On top of that, each eMoto is projected to avoid roughly GHS 9,000–12,000 in fuel and maintenance costs per year against a petrol baseline — recurring savings that flow back into district budgets and frontline services.

Each electric motorcycle that replaces a petrol one avoids approximately 1.8 tonnes of CO₂ a year, with monitoring infrastructure built to satisfy Paris Agreement Article 6.2 requirements. This positions Ghana as the first African government to monetise district-level fleet electrification through a compliance-market carbon programme, with revenue designed to flow back to the districts themselves.

The beginning of a long-term programme

This pilot is the first part of a long-term strategy to decarbonise Ghana’s districts, and an example of what great collaboration between the private sector and government can achieve. It is designed to open the door to the stages that follow.

In the next phase, the partners intend to launch a commercial paper instrument that allows independent investors to participate in the scale-up of EV operations across the districts beyond the pilot, broadening the capital base from public pre-financing to private investment.

Wahu Mobility

The long-term plan also envisions rolling out charging infrastructure to every district, anchoring a reliable, nationwide network that supports fleets well beyond the pilot. In parallel, the data generated during the pilot will be leveraged to monetise the carbon avoided, converting verified emissions reductions into a new, long-horizon revenue line that contributes directly to the internally generated funds of participating districts.

Why Wahu Mobility

Wahu operates Ghana’s first completely-knocked-down (CKD) assembly plant for electric two-wheelers, anchoring jobs, technical skills and supply-chain value at home. Its vehicles are field-validated under Ghanaian road, load and climate conditions.

Wahu is the first EV company in Africa — and the second in the world — to secure a landmark Paris Agreement Article 6 deal, a sovereign-grade carbon offtake agreement with Switzerland’s KliK Foundation. The company is led by founder and CEO Valerie Labi, who returned to Ghana to build the plant and co-authored Ghana’s Automotive Development Policy.

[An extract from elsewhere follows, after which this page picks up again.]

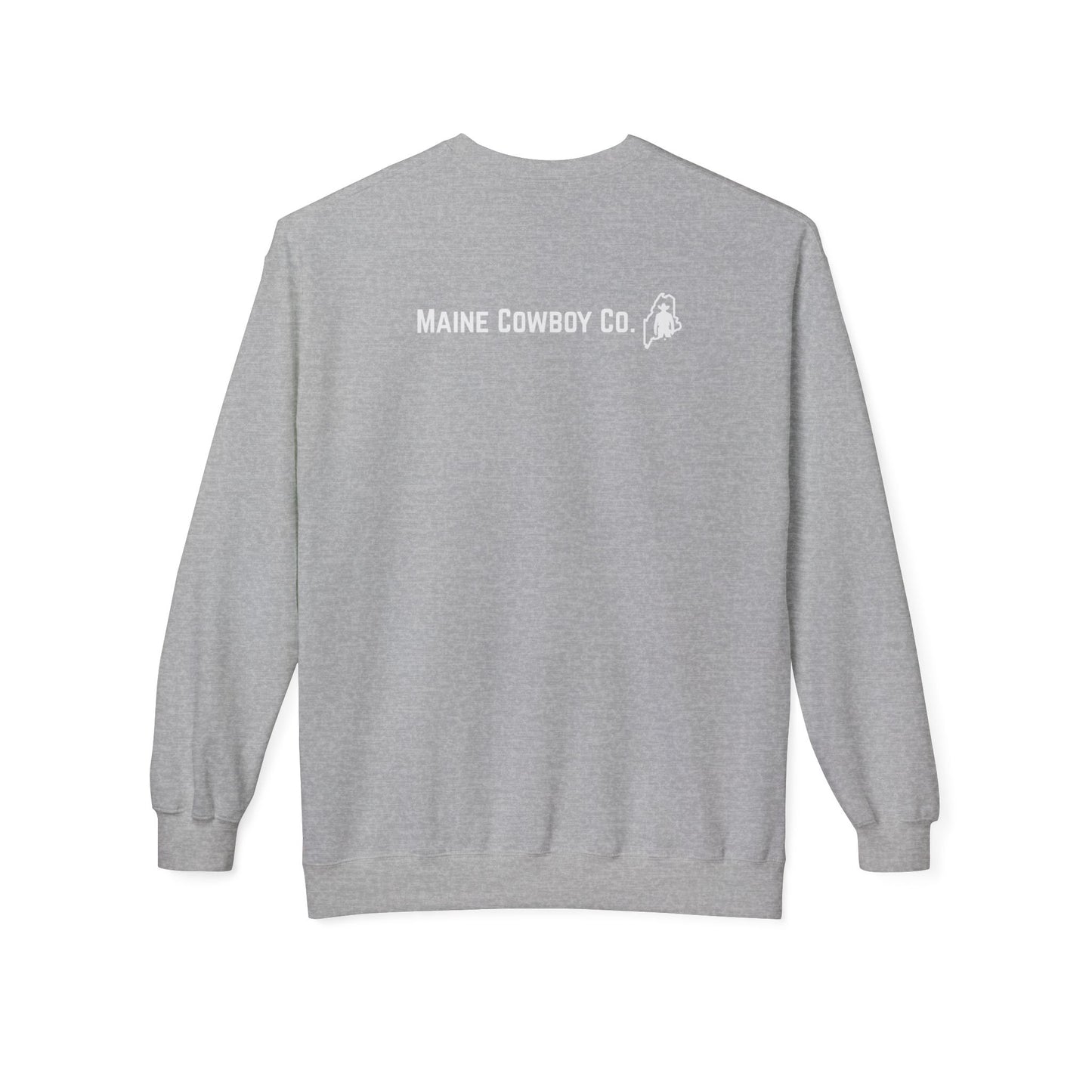 Howdy Cowboy Fleece Crewneck Sweatshirt, Casual Wear, Western Fashion, Gift for Him, Cozy Outfit, Holiday Present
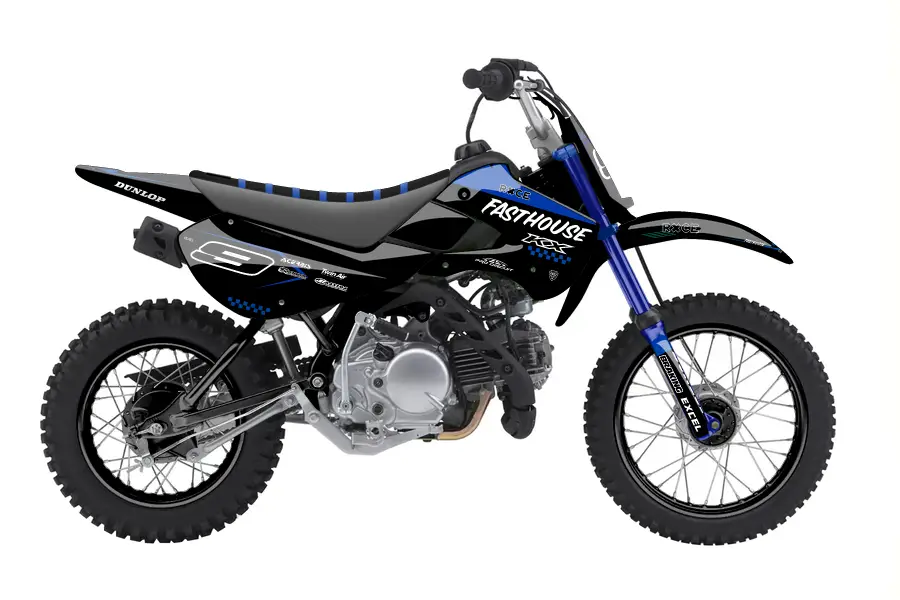 blue klx pitter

“This is not just a fleet of motorcycles — it is the infrastructure of local government, made Ghanaian, electric and intelligent, and it is only the beginning. We are giving every district the means to reach its citizens, grow its own revenue, and own a share of the climate value it creates. Ghana is choosing to electrify first, capture the carbon revenue, and build the industry at home,”— Harry Yamson, Administrator, District Assemblies Common Fund, explained.

A platform to scale

The pilot sits within the DACF Grant Mobilisation Programme — the Fund’s vehicle for introducing new technologies with large-scale impact for Ghana. By giving every district a hands-on stake from day one, it builds the operational evidence base and the political coalition required for the stages that follow. A district that has run an eMoto for six months knows exactly what comes next.

About Wahu Mobility

Wahu Mobility is a Ghana-based electric two-wheeler manufacturer and e-mobility platform headquartered in Accra. Wahu designs and manufactures eBikes and eMotos, finances them through a path-to-ownership model, and operates Ghana’s first electric two-wheeler CKD assembly plant. It is the first EV company in Africa, and the second worldwide, to secure a landmark Article 6 carbon deal.